American indie director Lynn Shelton’s long-awaited follow-up to the excellent Humpday (2009) sees her once again calling upon the improvisational acting style of mumblecore veteran Mark Duplass in one of the lead roles. Although Your Sister’s Sister (2011) is slightly more generic than the director’s previous output, the parade of incredibly likeable characters and the gentle and awkward humour of their varying situations is enough to make the film one of the best romantic comedies of the year. It’s been a bad year for protagonist Jack (Duplass); he has lost his brother and is lacking focus and direction in his life.
His best friend, Iris (Emily Blunt), suggests he abscond to her father’s secluded house for some reflection-filled alone time but the very thought of this prompts him to threaten gauging his own eyes out with a fork. Things at the house aren’t as dour as he expected, however, when he pulls up to find Iris’ sister Hannah (Rosemarie DeWitt). She is similarly taking refuge – after breaking up with her girlfriend – and they attempt to find solace in one another’s drunken arms which naturally prompts awkwardness and recriminations when Iris arrives the following day.
As with Humpday, there was clearly a lot of scope in the film for the actors to improvise within scenes and this creates wonderfully naturalistic moments throughout.
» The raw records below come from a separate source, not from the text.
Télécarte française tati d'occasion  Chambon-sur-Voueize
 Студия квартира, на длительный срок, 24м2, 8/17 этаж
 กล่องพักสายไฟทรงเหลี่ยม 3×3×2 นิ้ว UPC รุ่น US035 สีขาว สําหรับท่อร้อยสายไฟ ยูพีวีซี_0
The three leads are fantastic in all they do with their chemistry utterly believable and DeWitt stealing the show somewhat. The opening encounter between Hannah and Jack is perfectly judged, as is both of their reactions to the sudden and unexpected appearance of Iris.
The realism of the performances is reflected in the the film’s storyline which sees the inebriated tryst create a series of different, and mature, questions that the trio need to navigate. Your Sister’s Sister is imbued with a sincerity that inspires great empathy within the audience keeping you totally engaged in the action and naturally keen that the characters are able to solve their troubles. This is all augmented by the fact that the characters and scenes remain funny and charming from first minute to last.
Your Sister’s Sister’s unpolished naturalism does, unfortunately, fall down a little in the plot’s resolution which seems to all come about a little too easily, standing out as less authentic than the preceding hour in the characters’ final, easily-made decisions. This does not, however, undo what has come before and can easily be forgiven while the final shot restores the deftness of touch that has been evident throughout.